Membre de l’association, les Amis de la Terre, Daniel Ibanez a tenté de montrer ce qu’il était possible de réaliser avec l’argent détourné. Il a chiffré, calculé et démontré ce que les pouvoirs publics auraient pu faire avec 200 millions d’euros. Notamment financer du matériel de manutention pour transférer les caisses mobiles sur les wagons, des motrices, un aiguillage, une modification du parcs des remorques… tout cela pour mettre les camions sur les rails, et ainsi éviter aux vallées alpines un trafic routier extrêmement dense. « Même les associations des transporteurs routiers sont d’accord avec nous ! Les tunnels routiers pour rallier la France à l’Italie coûtent trop cher et les transporteurs se sont engagés, devant le ministère, à utiliser et à soutenir l’intermodalité et le rail » assure Daniel Ibanez.

Une situation qui questionne, notamment dans la vallée de Chamonix où les habitants subissent la pollution de l’air de plein fouet. « On est quand même sur un territoire où tous les jours certaines écoles du bas de la vallée se demandent si elles peuvent laisser sortir les enfants durant la récréation tellement l’air est mauvais » dit d’un air dubitatif l’élu de l’opposition à Chamonix Francois-Xavier Laffin.

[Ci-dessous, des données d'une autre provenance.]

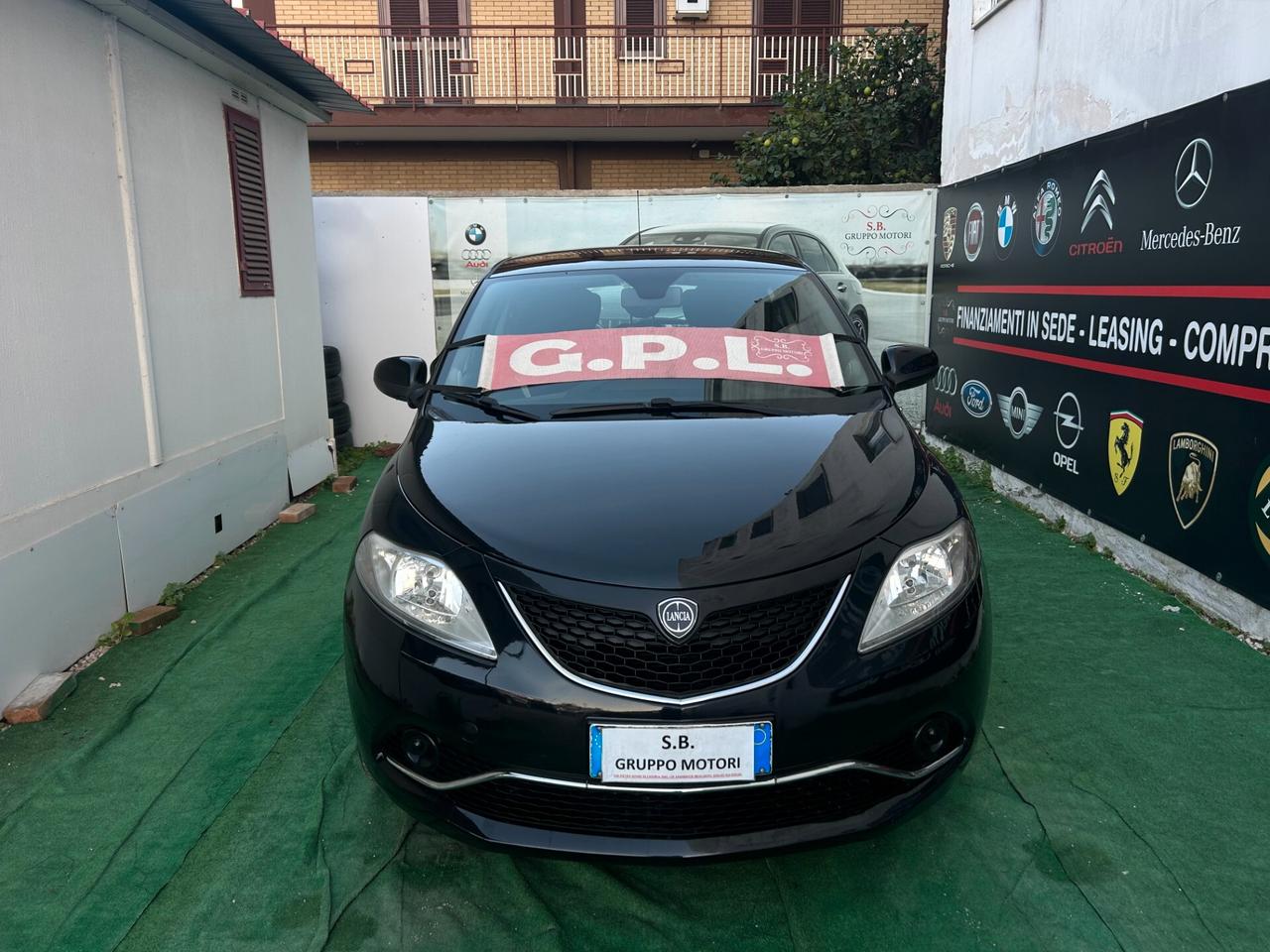 Lancia Ypsilon 2018 1.2 69 CV GPL LEGGI TUTTO!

Pourtant, les solutions pour diminuer la pollution liée au trafic routier semblent évidentes. Pour Daniel Ibanez, l’inaction et l’absence de politiques publiques dans ce sens viennent avant tout d’une réflexion purement financière. « Imaginez si vous réduisez le trafic routier des deux tiers, ce qui est possible avec les installations ferroviaires existantes et l’intermodalité, vous faites faire faillite aux deux tunnels, qui sont la propriété de l’État et gérés par les hauts-fonctionnaires. » assure le lanceur d’alertes, « c’est toujours le même problème, ce sont des gens intéressés par la question budgétaire qui relaient les politiques environnementales au second plan. Dans leur logique, ils ne peuvent pas mettre les camions sur les rails puisqu’ils feront faillite, peu importe les questions de santé publique que cela soulève. » La convention qui régit le FDPITMA est signée pour 38 ans. Au total plus de 750 millions d’euros pourraient être transférés pour exploiter le tunnel routier de Fréjus, au lieu de financer des alternatives de transports écologiques en Savoie.